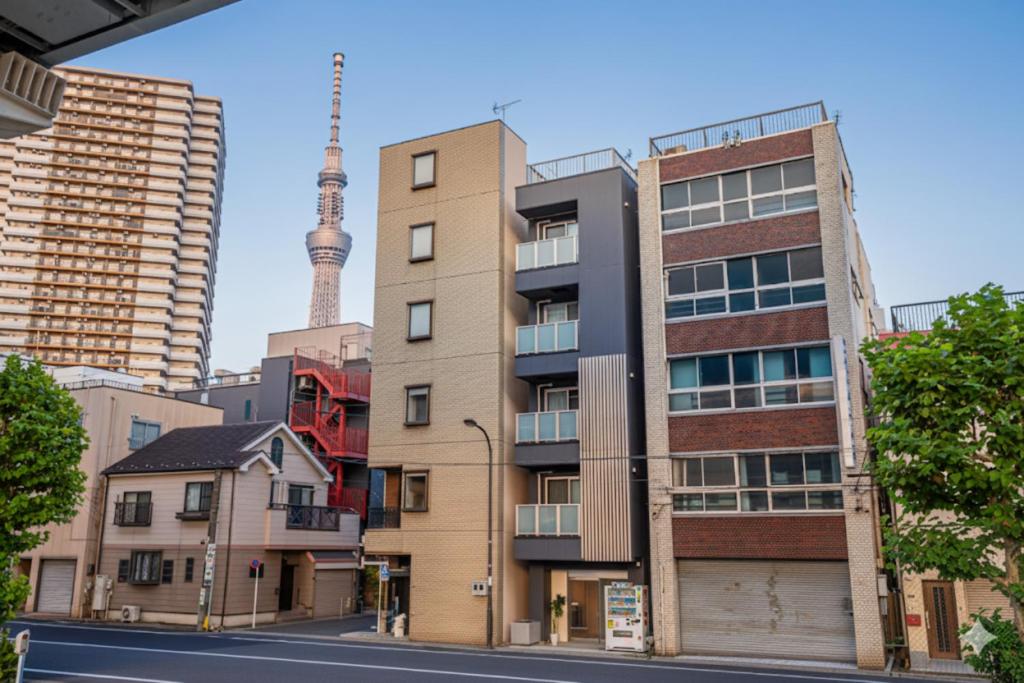 Riverview APT, Asakusa-Skytree Area, 4-min to Metro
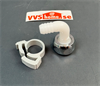 Arrow Plastvinkel 90˚ med mutter L-form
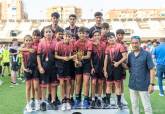 Clausura de la XXXII Liga de Comarcal de Ftbol Base en el Estadio Municipal Cartagonova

WHAT TO WORK ON :: The task calls for duplicating the data exactly, with no images kept.

RESPONSE TO THIS EXERCISE ::
 Riverview APT, Asakusa-Skytree Area, 4-min to Metro
 Arrow Plastvinkel 90˚ med mutter L-form
 Clausura de la XXXII Liga de Comarcal de Ftbol Base en el Estadio Municipal Cartagonova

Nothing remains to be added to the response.